Margarita hace un gesto con la cabeza, le está dando paso.
–Pero lo que quiero deciros no tiene que ver conmigo, o no solamente conmigo. Será útil para toda la comarca, y puede que para toda la humanidad. Como sabréis, al otro lado del pantano hay una mina de esfalerita abandonada. Yo, que soy el más viejo de esta fiesta, no he llegado a verla abierta. Mi abuela me contaba que su padre y sus tíos recordaban haberse colado de pequeños, ganándose las broncas de los adultos. Pero por alguna razón no podían dejar de volver. En fin, bravuconadas infantiles sin mucho interés, en las que no había vuelto a pensar hasta que hace unos días salí a dar un paseo y me fijé en una mariposa que volaba trazando amplias elipses e incluso tirabuzones como en las demostraciones de acrobacias con avionetas. La seguí, y me pareció que ella sabía que la seguía. Pues bien, la mariposa me condujo hasta una ladera del monte, al oeste de la entrada principal de la mina, y allí, tapada por unos arbustos, di con una abertura estrecha pero por la que cupe sin necesidad de agacharme. Me llevé una sorpresa al encontrar unos escalones tallados que despedían brillos a medida que yo iba bajando. Por fin giré un codo y me encontré en una enorme sala, una sala maravillosa llena de palmeras de las que crecían unas piñas pequeñitas pero con un aspecto irresistible. Cogí una de las piñas y al instante nació otra, del mismo tamaño, del hueco que había dejado la primera, pero apenas me dio tiempo a sorprenderme porque sentí un cosquilleo delicioso en la mano, y de la piña, no os lo vais a creer pero así fue, salió una música arrebatadora y oí claramente las siguientes palabras: “Comednos a nosotras y no volveréis a pasar hambre”.

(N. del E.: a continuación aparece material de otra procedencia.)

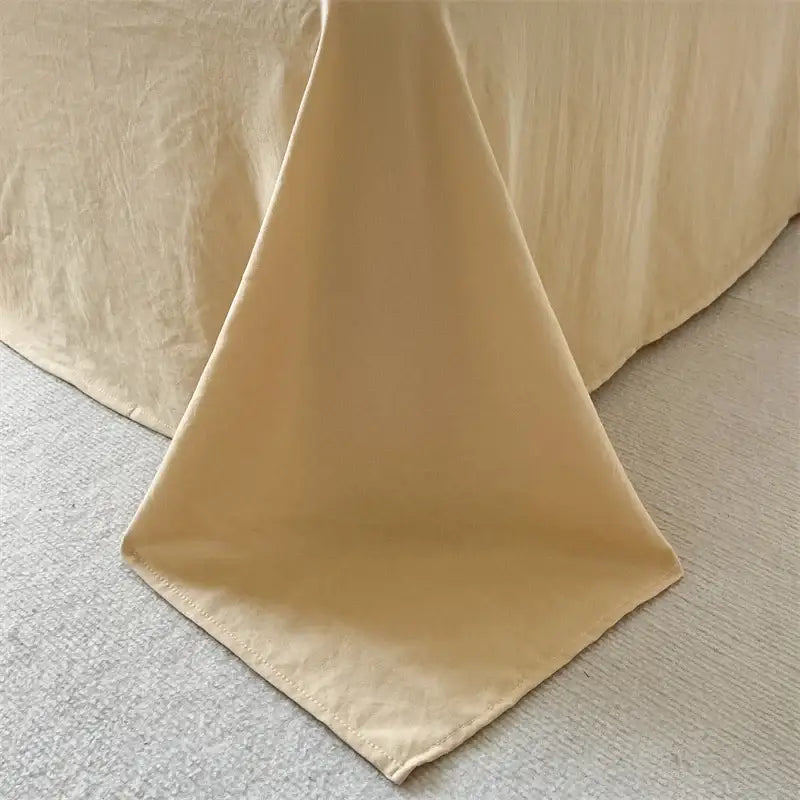Decorbites cream striped quilted duvet cover draped over bed edge on Tampa Home & Garden Store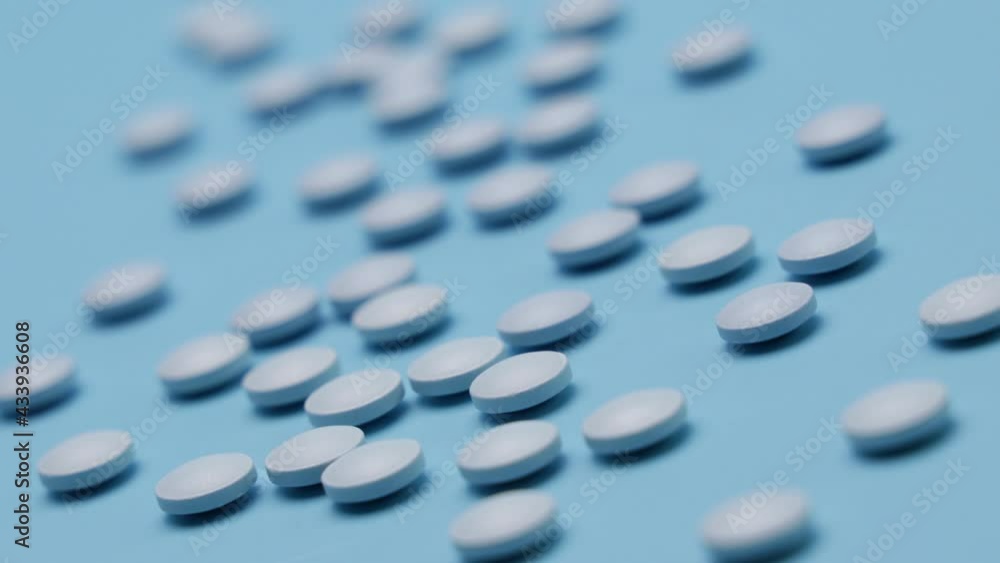 mall, blue pills on a blue background mall, blue pills on a blue background
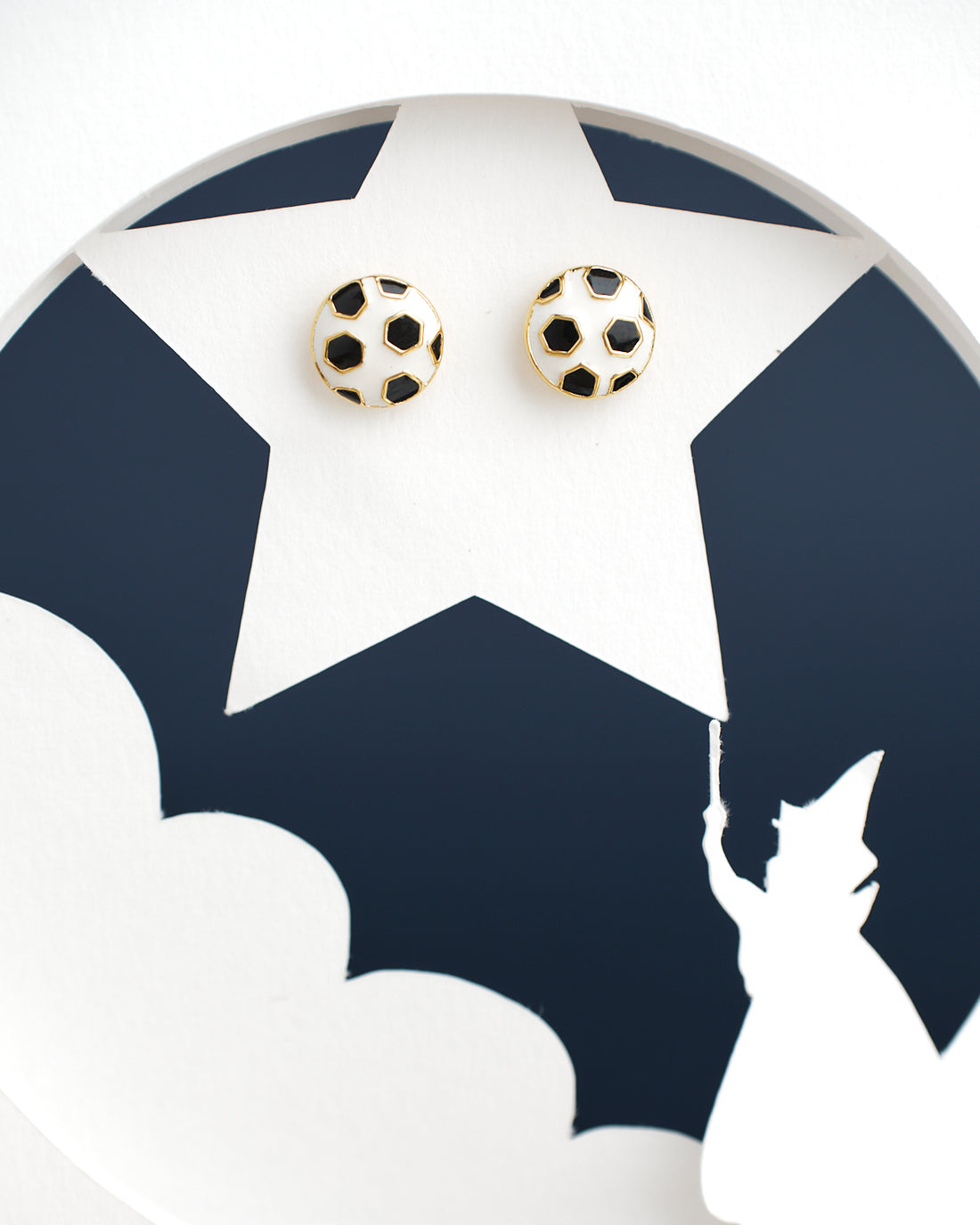 Football Style Stud Earrings from Chandrani Pearls India are showcased on a star cutout featuring a silhouette of a figure in a hat pointing a wand.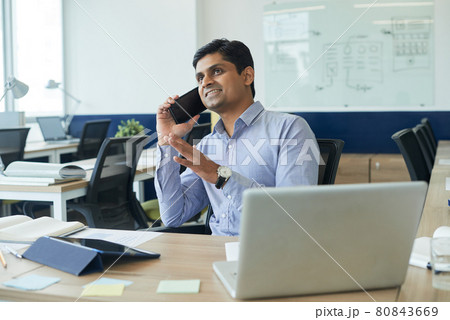 Project Manager Sitting at Office Desk Project Manager Sitting at Office Desk 80843669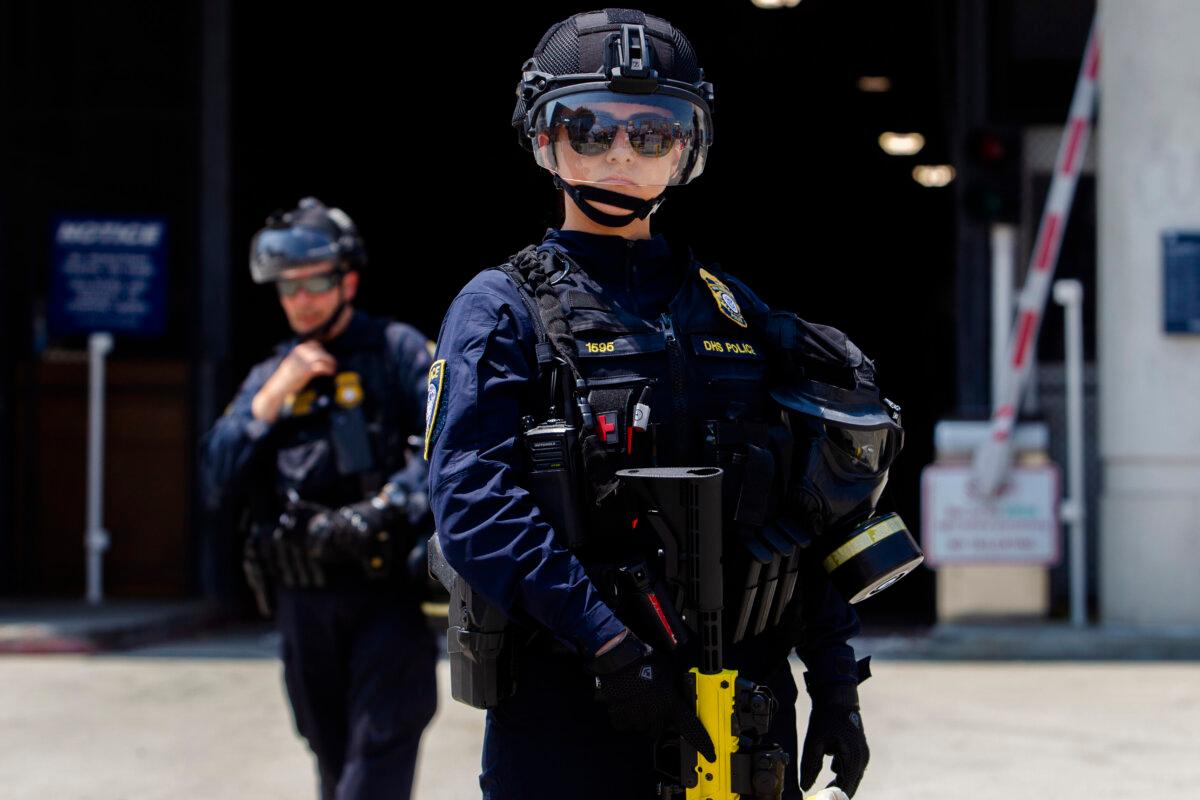 Department of Homeland Security (DHS) officers stand guard in front of the Edward R. Roybal Federal building and Detention Center while demonstrators protest in Los Angeles on Aug. 2, 2025. (Apu Gomes/Getty Images)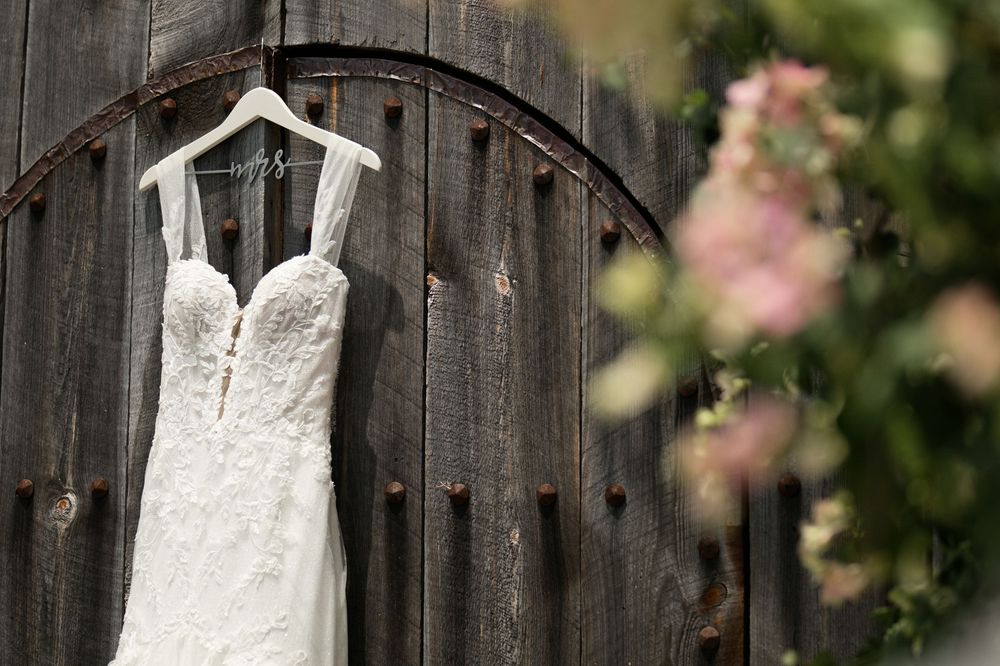 White lace wedding dress hanging on rustic wooden door with pink floral bokeh background.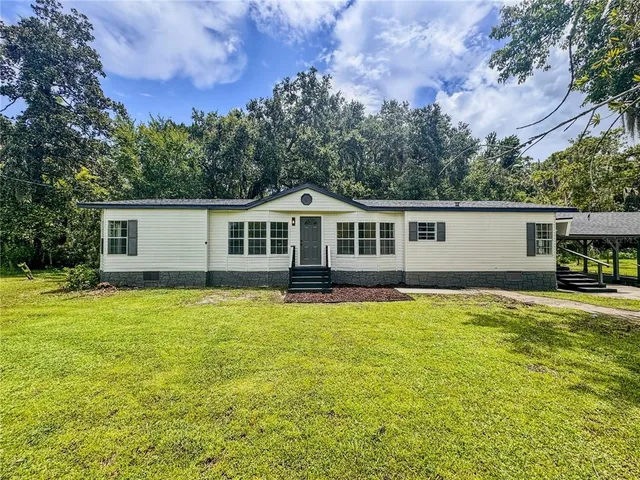 a backyard of a house with table and chairs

Margarita empezó a reírse, le parecía que aunque no comprendiera bien qué quería decir Eusebio, era feliz y bonito y sus cuatro hijos estaban ahí reunidos, y sus dos nietos estaban ahí y hasta Eusebio –¿qué representaba Eusebio? ¿El pasado? ¿La música?–. Entonces Lily agarró la guitarra que estaba apoyada en una de las esquinas del salón y, tras afinarla en un periquete, empezó a tocar una tonadilla. Al principio solo Margarita se había dado cuenta de que estaba a punto de cantar, para cuando llegó al estribillo todos se unieron y era bonito verlos cantando así juntos una canción que hablaba de cantar. Eusebio se unió al coro, aunque era la primera vez que escuchaba la canción. Y no volvieron a pasar hambre.